Dataset excerpts:
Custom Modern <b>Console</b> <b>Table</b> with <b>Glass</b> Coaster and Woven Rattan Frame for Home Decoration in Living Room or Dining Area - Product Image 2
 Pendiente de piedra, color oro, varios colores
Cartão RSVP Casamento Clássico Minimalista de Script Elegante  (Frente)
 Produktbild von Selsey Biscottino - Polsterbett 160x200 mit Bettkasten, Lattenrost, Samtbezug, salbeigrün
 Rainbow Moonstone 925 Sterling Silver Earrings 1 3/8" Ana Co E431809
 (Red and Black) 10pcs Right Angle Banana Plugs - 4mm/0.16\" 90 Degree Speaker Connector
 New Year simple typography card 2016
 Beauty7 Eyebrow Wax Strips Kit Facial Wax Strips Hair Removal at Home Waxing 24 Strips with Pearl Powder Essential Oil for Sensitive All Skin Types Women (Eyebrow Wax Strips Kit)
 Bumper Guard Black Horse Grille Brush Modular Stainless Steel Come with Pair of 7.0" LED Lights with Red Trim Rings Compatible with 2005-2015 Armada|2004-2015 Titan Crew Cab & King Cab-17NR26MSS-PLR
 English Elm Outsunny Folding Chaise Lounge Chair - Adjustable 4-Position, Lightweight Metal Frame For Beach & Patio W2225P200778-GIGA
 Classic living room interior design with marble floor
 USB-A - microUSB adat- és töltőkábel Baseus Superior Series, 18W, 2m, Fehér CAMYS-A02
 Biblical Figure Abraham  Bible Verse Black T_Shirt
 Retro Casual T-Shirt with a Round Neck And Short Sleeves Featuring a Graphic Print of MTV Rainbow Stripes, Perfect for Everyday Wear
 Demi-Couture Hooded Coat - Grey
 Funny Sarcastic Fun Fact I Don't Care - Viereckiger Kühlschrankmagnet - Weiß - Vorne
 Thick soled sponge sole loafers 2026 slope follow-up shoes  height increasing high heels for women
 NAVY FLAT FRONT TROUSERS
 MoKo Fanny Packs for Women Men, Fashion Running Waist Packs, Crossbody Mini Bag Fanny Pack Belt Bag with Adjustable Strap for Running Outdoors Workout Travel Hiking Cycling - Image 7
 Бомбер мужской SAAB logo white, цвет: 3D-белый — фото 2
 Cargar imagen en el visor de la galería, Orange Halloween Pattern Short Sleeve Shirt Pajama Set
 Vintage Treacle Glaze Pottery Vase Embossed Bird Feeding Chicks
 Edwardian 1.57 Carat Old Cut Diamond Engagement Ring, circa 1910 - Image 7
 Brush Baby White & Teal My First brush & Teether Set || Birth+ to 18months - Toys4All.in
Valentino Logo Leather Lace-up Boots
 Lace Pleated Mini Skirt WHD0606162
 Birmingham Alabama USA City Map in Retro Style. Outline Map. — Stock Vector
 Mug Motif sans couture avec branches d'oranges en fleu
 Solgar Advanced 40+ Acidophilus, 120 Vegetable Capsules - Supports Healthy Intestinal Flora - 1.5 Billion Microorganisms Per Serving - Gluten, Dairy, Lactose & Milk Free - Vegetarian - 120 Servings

__DESCRIPTION OF THE TASK__: Scan the entries above and return each line that holds "Short".

__RESPONSE__:
 Retro Casual T-Shirt with a Round Neck And Short Sleeves Featuring a Graphic Print of MTV Rainbow Stripes, Perfect for Everyday Wear
 Cargar imagen en el visor de la galería, Orange Halloween Pattern Short Sleeve Shirt Pajama Set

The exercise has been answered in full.